Once you've done that, the fun begins.

The pen-up, pen-down method looks good to me. Then comes the problem of what's a comment.

You will want to keep track of quoted strings and character constants to make sure you're not pulling comment markers out of them. ('//' is legal, although implementation-defined, and doesn't start a comment.) You may want to note that a \" or ??/" inside a quoted string doesn't close the string, and similarly for character constants. You may want to note end-of-line subtleties: an end-of-line immediately preceded by \ or ??/ isn't actually an end-of-line. (Or you could ignore the trigraphs; almost everybody else does.)

If you're somewhat familiar with finite state machines (aka deterministic finite automata), you might want to use that approach. Essentially, you're in some state at all times, and on reading a character you perform an action that depends on state and character, and possibly change to another state.

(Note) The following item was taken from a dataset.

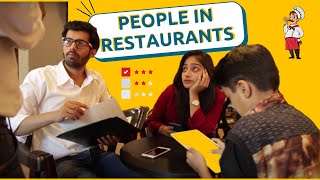 Types of People at a Restaurant | Sindhi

For example, say you're in state READING_ALONG, and you encounter a /. You write nothing and change to SAW_A_SLASH state. If the next character is *, you enter the C_STYLE_COMMENT state; if it's /, you enter the CPP_STYLE_COMMENT state, and if it isn't you print "/" and the current character, and go back to READING_ALONG.

David Thornley
A: 

You have a number of states to consider:

  • the state that you are in side of a single quoted string
  • the state that you are in a double quoted string
  • the state where you have found a //
  • the state where you have found a /*
  • and lastly, a single \ on the end of a line,

which can cause some pretty messed up formatting where the compiler and the text highlighter disagree:

include <stdio>;
INT someVariable = 0;
/* where does this comment end? *\
///  I don't know
someVariable = 6;  
// most text editors don't think it ends until here --> */\
   but someVariable = 6;  shouldnt actually be commented out, and this line should be! \
this is also part of the comment ,   a "3 line " one line comment? WTF!
std::cout << someVariable << std::endl;
// even though "someVariable=6" appears to be commented out, it shouldn't be.
// so this will print "6"

// /* \
*/this text should be commented out aswell

runnting that code through a comment stripper should return:

include <stdio>;
INT someVariable = 0;
someVariable = 6;  
std::cout << someVariable << std::endl;

and the fun part is when you have to have compiler errors refer to lines of code according to the orignal mess, not the stripped version.

Ape-inago